- _Task to complete_: The data below should be restated word for word, with every picture omitted.

- _Provided data_:
+ + + + + + +

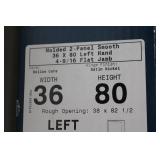 36" x 80" Molded 2-Panel Smooth Left Hand Door with Frame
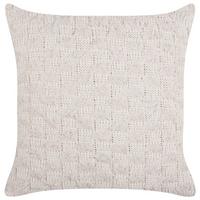 DEKOKISSEN Beige 45/45 cm Basalim - Pink/Beige, Textil (45/45cm) - Beliani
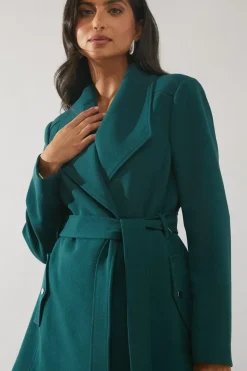 Smart Short Belted Wrap Coat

+ + + + + + +

- _Task output_:
 36" x 80" Molded 2-Panel Smooth Left Hand Door with Frame
 DEKOKISSEN Beige 45/45 cm Basalim - Pink/Beige, Textil (45/45cm) - Beliani
 Smart Short Belted Wrap Coat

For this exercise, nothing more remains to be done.